Source records:
►
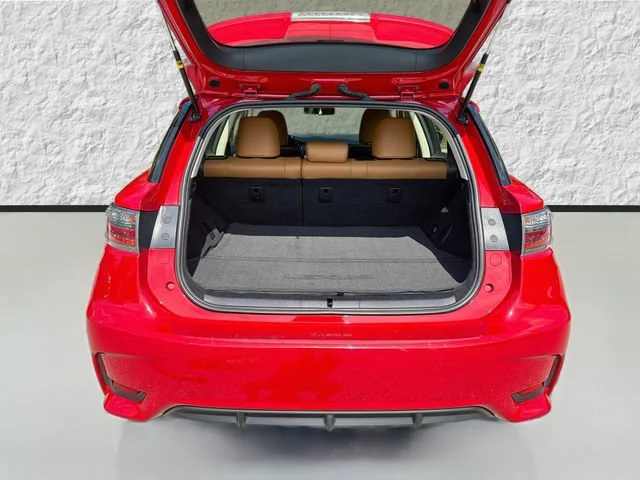 Used 2014 Red Line Lexus Hybrid image 12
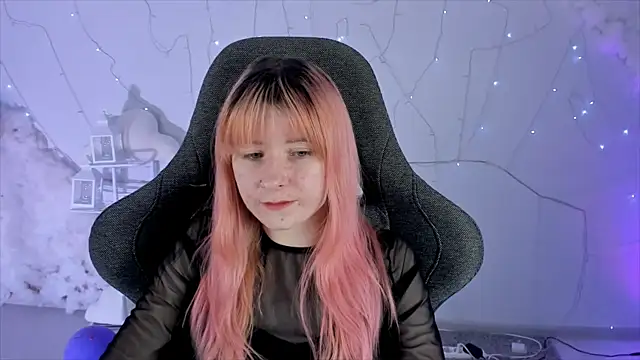 Snapshot of LexiWenford chatting on February 10, 9:14 am LexiWenford online show from February 10, 9:14 am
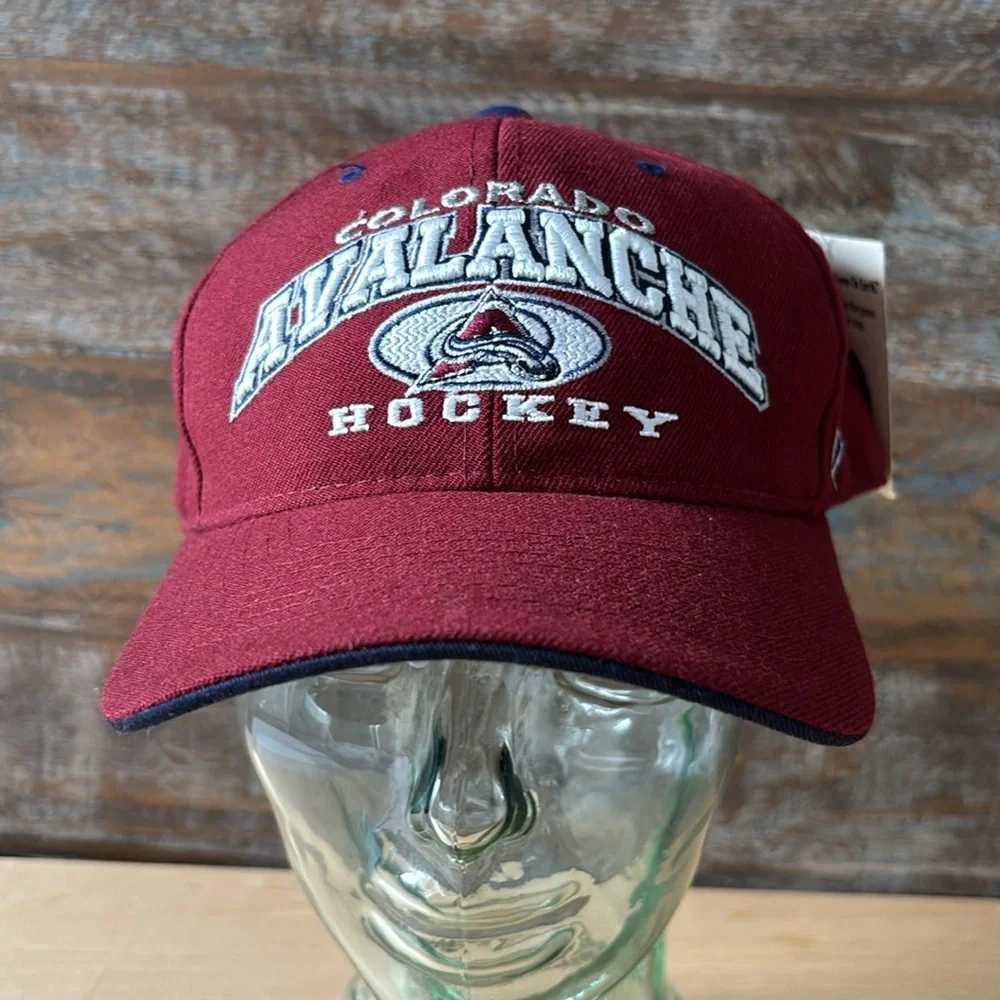 Authentic Fitted 7 1/2 Zephyr Hat Colorado Avalanche Hockey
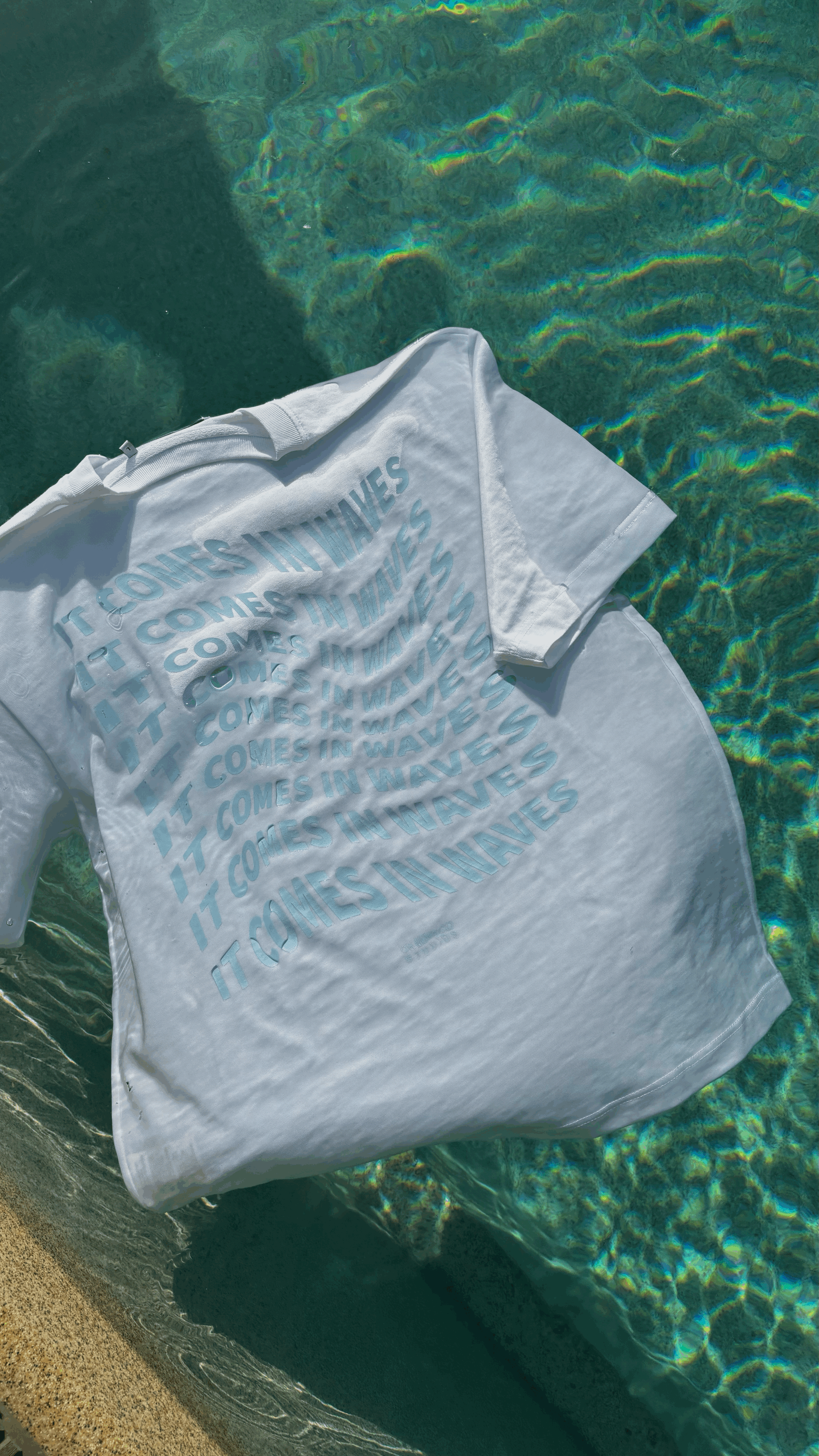 T-SHIRT IT COMES IN WAVES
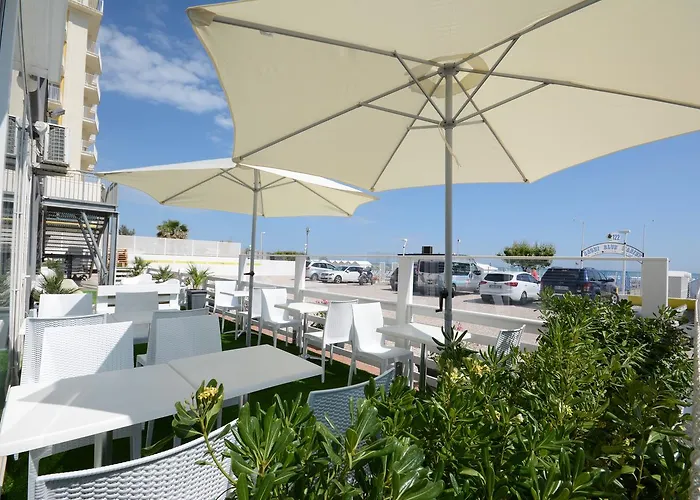 فندق Kent ريتشيوني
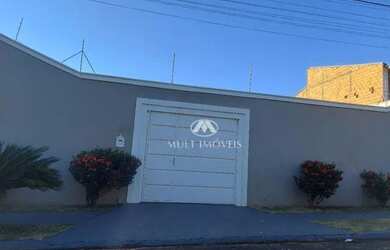 Imagem: A casa possui 2 Dormitórios, 3 Banheiros, 5 Vagas na garagem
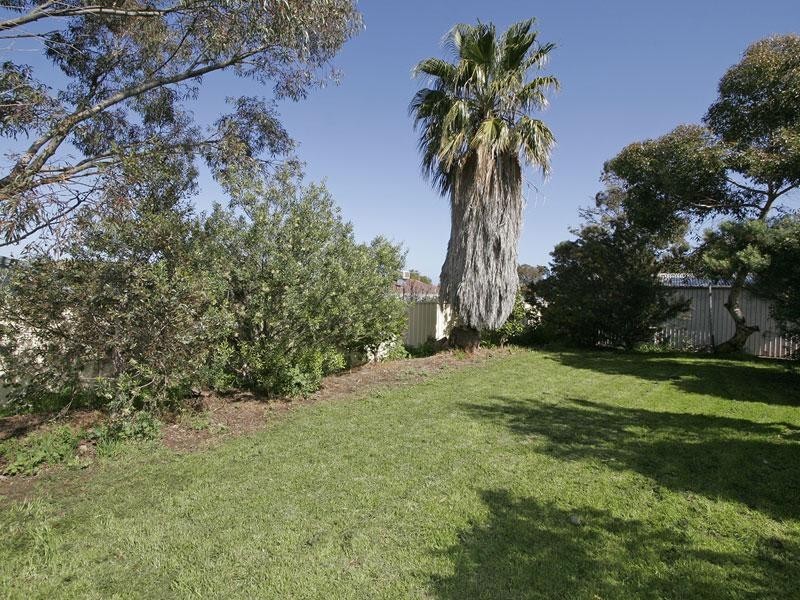 27 Narvik Crescent, Hackham West SA 5163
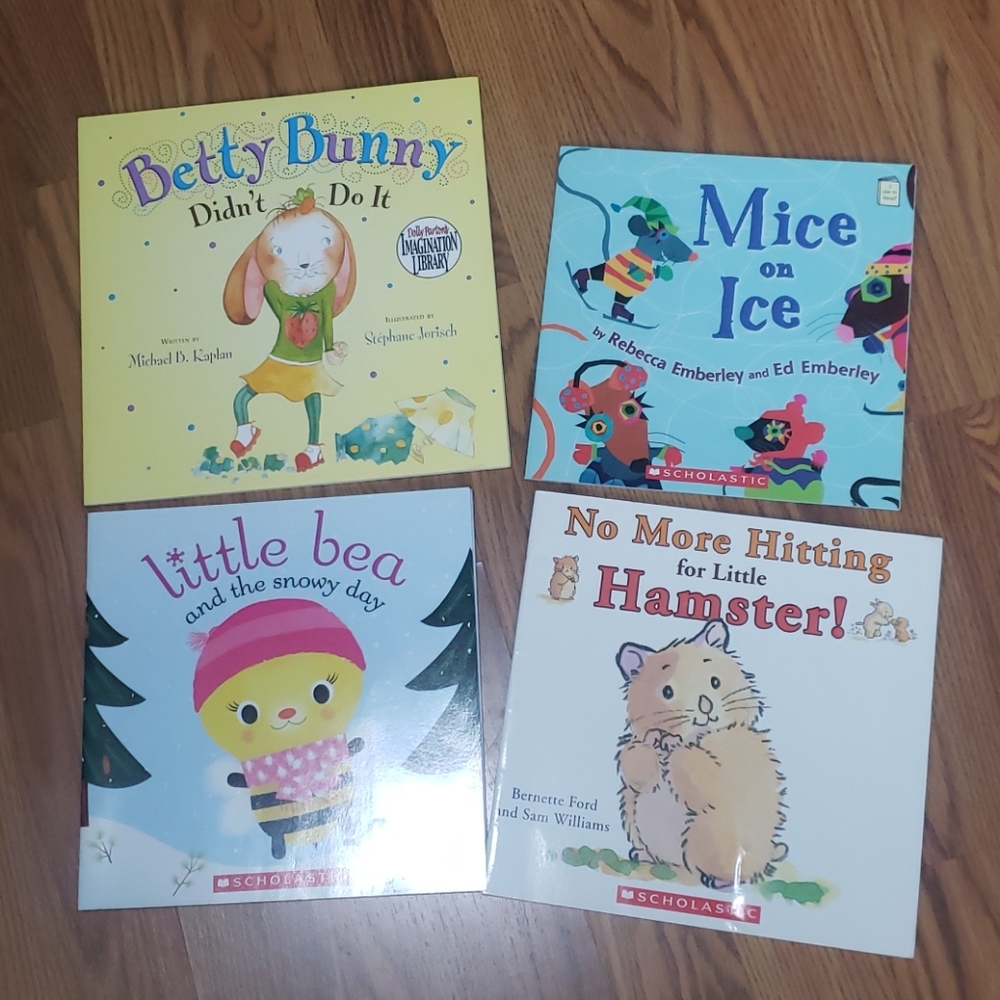 4 kids children's book lot set NWOT Mice on ice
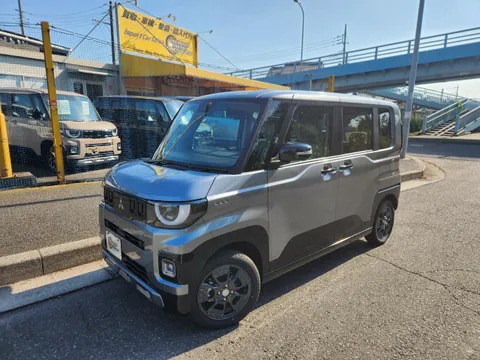 Mitsubishi Delica Mini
◄
> Your objective: The answer must be the data above, repeated exactly, with no pictures.

> Answer for the task:
 Used 2014 Red Line Lexus Hybrid image 12
 Snapshot of LexiWenford chatting on February 10, 9:14 am LexiWenford online show from February 10, 9:14 am
 Authentic Fitted 7 1/2 Zephyr Hat Colorado Avalanche Hockey
 T-SHIRT IT COMES IN WAVES
 فندق Kent ريتشيوني
 Imagem: A casa possui 2 Dormitórios, 3 Banheiros, 5 Vagas na garagem
 27 Narvik Crescent, Hackham West SA 5163
 4 kids children's book lot set NWOT Mice on ice
 Mitsubishi Delica Mini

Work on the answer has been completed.